Advancing the science and engineering of artificial blood
The U.S. blood supply is at risk due to the presence of emerging infectious diseases such as COVID-19 and reduced donation rates.
Therefore, the development of safe and effective blood substitutes for use in transfusion medicine could significantly improve the emergency treatment of accident victims and wounded soldiers, as well as patients undergoing surgery, especially when blood is in short supply.
Professor Andre Palmer has invested 20 years of his career researching in this critical area supported by several federal grants. Working with fellow Chemical and Biomolecular Engineering Professor David Wood, Palmer has earned a four-year, $2.7 million grant from the National Institutes of Health (NIH) to develop safer, chemically well-defined red blood cell (RBC) substitutes that could help save lives.
While blood substitutes are not meant to be a permanent replacement for whole blood, which serves many different functions, the advantages of artificial RBCs are significant. They can be used universally by people with any blood type and are stable at ambient temperatures up to several years without loss of activity, whereas human RBCs have to be discarded after 42 days of cold storage. RBC substitutes also are free of new, unidentified pathogens that can unwittingly be passed on to patients, as had happened before the AIDS, Zika and H1N1 viruses were discovered.
Based on previous research, Palmer’s polymerized hemoglobin (PolyHb) RBC substitute has shown promise in stabilizing hemorrhage through administration of less than half the volume of lost blood in small animals.
His current project with Wood focuses on precisely engineering the size and shape of PolyHb molecules. Some recent clinical trial results from companies commercializing their own PolyHb solutions have shown some concerning side effects including vasoconstriction, hypertension and oxidative tissue damage. Palmer and Wood hypothesize that the broad size distributions of these commercial products may have a negative impact. To determine how individual components of complex PolyHb mixtures interact with the vasculature, the team will engineer and evaluate molecularly uniform, monodisperse, and high molecular weight PolyHb nanostructures for use in transfusion medicine as RBC substitutes.
“This work will shed more light on the mechanisms underlying PolyHb toxicity and identify strategies to counteract these side effects,” explained Palmer.
To complete this work, Wood will develop a method for assembling single hemoglobin molecules into larger structures through the use of protein splicing.

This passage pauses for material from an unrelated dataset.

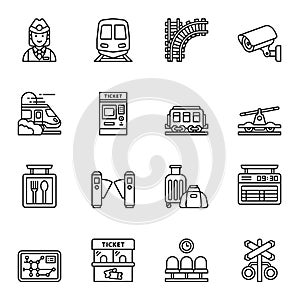 Train and railways line icon set 1.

This method allows precise assembly of several molecules into larger structures, allowing Wood and his students to design and produce different PolyHb structures with uniform shapes and sizes.
“This level of precision in protein engineering will allow new insights into the mechanisms by which currently-available PolyHb therapeutics yield both positive and negative patient outcomes,” said Wood.

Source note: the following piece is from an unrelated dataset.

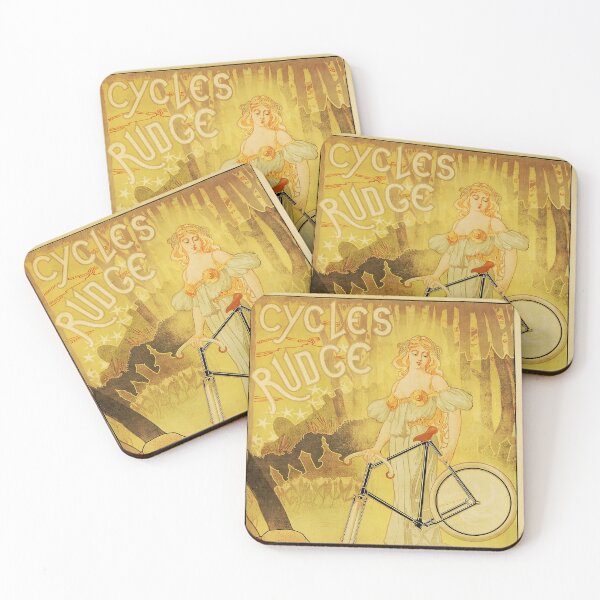 Item preview, CYCLES RUDGE French Art Nouveau Paris c1900 Vintage Bicycle Poster Advertisement designed and sold by retroposters.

In 2018, Palmer secured a $2.4 million U.S. Army Medical Research and Materiel Command grant to develop a resuscitation therapy to treat life-threatening hemorrhage on the battlefield.
This research is supported by the National Heart, Lung, And Blood Institute of the NIH under Award Number R01HL156526. The content is solely the responsibility of the authors and does not necessarily represent the official views of the NIH.